# Get insulted by Martin Luther



## Nebrexan (Feb 29, 2012)

"You people are more stupid than a block of wood."

Lutheran Insulter


----------



## yoyoceramic (Feb 29, 2012)

Thank you sir, may I have another!


----------



## Kim G (Feb 29, 2012)

I saw this yesterday and couldn't stop laughing.


----------



## Berean (Feb 29, 2012)

Excellent!


----------



## Zach (Feb 29, 2012)

Saw this the other day and was very tempted to send it to a dear friend who is a Roman Catholic.
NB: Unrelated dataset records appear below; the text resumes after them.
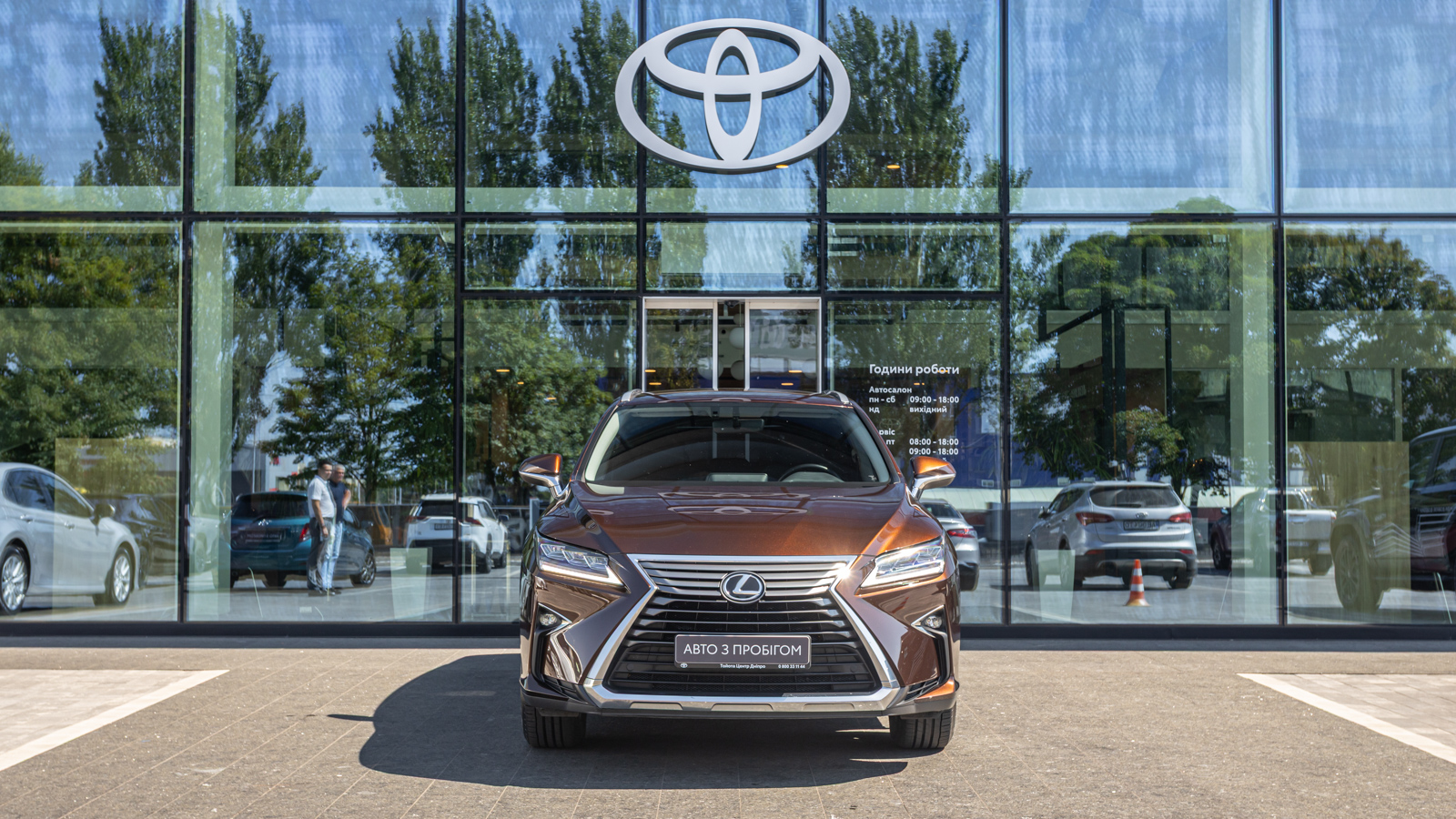 Lexus RX 2019 року з пробігом 103862 км, Універсал, Тойота Центр Дніпро "Алмаз Мотор" на Запорізькому шосе, м.Дніпро - 1510000 ГРН | Фото № 5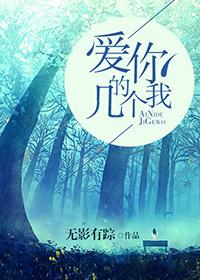 爱你的我啥意思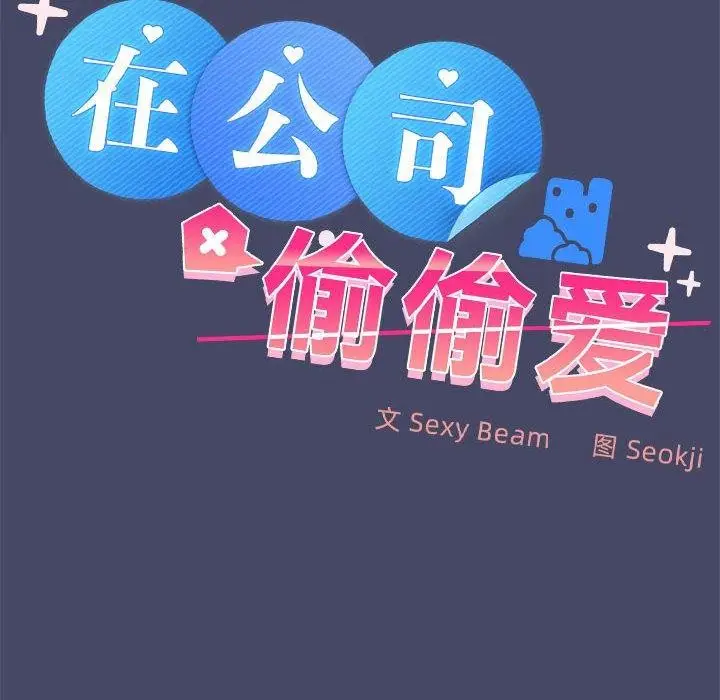 漫画《在公司偷偷爱》第33话第10张图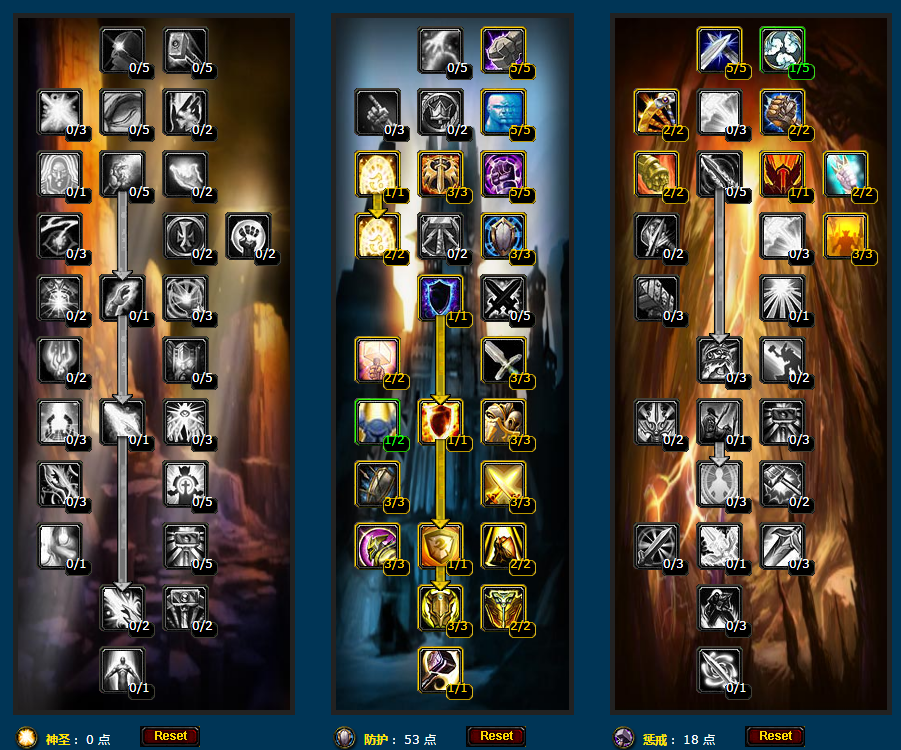 魔兽世界wlk圣骑士天赋怎么加点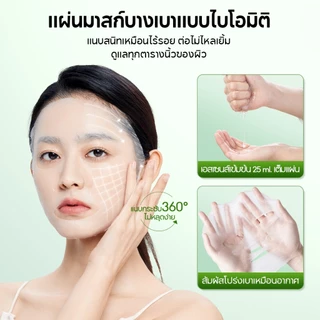 [ใหม่] BREYLEE Energy Mask Series 5 รสชาติ - Hydrating Face Mask Soothing Moisturizing Nourishing Sheet Mask for Dry Sensitive Skin Facial Care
I decided against it...


----------



## Tim (Feb 29, 2012)

"In lying fashion you ignore what even children know."

Classic.


----------



## KMK (Feb 29, 2012)

"Perhaps you want me to die of unrelieved boredom while you keep on talking."

Classicissimo!


----------



## Rich Koster (Feb 29, 2012)

Hmmmm, interesting, though nothing about hamsters and elderberries.


----------



## yoyoceramic (Feb 29, 2012)

Good thing they chose to leave the semitic remarks out


----------



## MarieP (Feb 29, 2012)

yoyoceramic said:


> good thing they chose to leave the semitic remarks out



LOL... 

---------- Post added at 05:12 PM ---------- Previous post was at 05:10 PM ----------

‎"You completely close your mind and do nothing but shout, "Anathema, anathema, anathema!" so that by your own voice you are judged mad."

I just have one word to say to you, Brother Luther....ANATHEMA!!!!!!!!!!!!


----------



## KMK (Feb 29, 2012)

Joshua said:


> Dear Friends,
> 
> Please do not adopt Martin Luther's polemical style.



You do nothing with all your profusion of words but fight a fire with dry straw, Joshua!


----------



## Somerset (Feb 29, 2012)

Joshua said:


> Dear Friends,
> 
> Please do not adopt Martin Luther's polemical style.



It had occurred to me that he would keep the mods busy.


----------



## KMK (Feb 29, 2012)

This thread has doubled my respect for Katharina von Bora!


----------